As The Sun points out “our (sic) troops have a paltry ratio of one chopper for every 700 soldiers, our US allies have 150 Chinooks and Blackhawks for their 29,000 troops — a ratio of one for every 200.”
That is pretty much the terrain of the debate now and it is shading over into demands from some anti-war activists to “support the troops” by “bringing them home”. The British squaddie is being transformed into an amalgam of the saintly martyred Jade Goody and an Oxfam outreach worker. This follows fifteen British fatalities in Helmand in under a fortnight and while that is more than an army wants to lose it is hardly the Dieppe Raid and brings the total up to 184 – barely a couple of decent sized Afghan wedding parties. The claimed justifications for this that British cities are made safer by killing Afghans and the British army is there to bring peace and progress to the natives are too ludicrous to ridicule.
Brown doesn’t seem to know which way to turn. He inherited Blair’s wars and there was an unspoken hope among some Labour supporters that he would look for a way out, though the evidence for this was hard to find. Instead as the fighting gets a bit more arduous he’s taken to bragging, not altogether honestly about how much more money he is spending. The dreadful Bob Ainsworth is saying been an “84 per cent increase in helicopter flying hours” in Afghanistan , and promised that ministers will spend £6 billion on helicopters “over the coming years.” According to the Telegraph the budget for procuring helicopters in 2008/09 was £448 million. 2001/02, the MoD budget for “helicopter procurement” was £842 million. In 2001/02 it was £842 million. If there’s one thing worse than a Labour warmonger it’s a deceitful Labour warmonger.

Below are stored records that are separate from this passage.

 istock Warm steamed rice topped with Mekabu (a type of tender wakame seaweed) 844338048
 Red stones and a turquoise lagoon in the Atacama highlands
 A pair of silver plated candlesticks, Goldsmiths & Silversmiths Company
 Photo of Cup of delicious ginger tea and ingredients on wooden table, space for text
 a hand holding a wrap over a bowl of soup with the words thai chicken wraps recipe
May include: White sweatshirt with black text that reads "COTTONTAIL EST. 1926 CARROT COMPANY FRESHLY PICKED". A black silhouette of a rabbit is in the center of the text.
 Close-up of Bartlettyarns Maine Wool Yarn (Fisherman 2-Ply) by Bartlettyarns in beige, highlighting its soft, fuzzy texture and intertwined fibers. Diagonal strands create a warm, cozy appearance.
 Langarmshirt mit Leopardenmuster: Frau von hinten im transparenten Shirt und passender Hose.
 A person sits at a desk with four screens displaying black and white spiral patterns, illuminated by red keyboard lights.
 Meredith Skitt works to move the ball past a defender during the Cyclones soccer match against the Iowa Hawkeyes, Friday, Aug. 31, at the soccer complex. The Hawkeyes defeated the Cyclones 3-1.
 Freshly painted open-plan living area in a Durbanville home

Two things seem to underlie this “debate”. The first is an idea that British troops should be free to go anywhere they want to kill and torture but that they shouldn’t get killed. That’s the locals’ job. The second is that Brown is vulnerable to attack from the right and in the spending cuts that he is planning military spending is spared the type of cuts that we’ll see in socially useful spending. Labour’s long pro-imperial tradition makes it easier to subject it to this critique.
Afghanistan is not yet an unpopular war and you would need a very special microscope to detect any signs of mass reaction against it. The novel feature about it is the apotheosis of one of the groups of killers taking part in it for no discernible reason. The utter lack of sympathy for their victims is rather more predictable.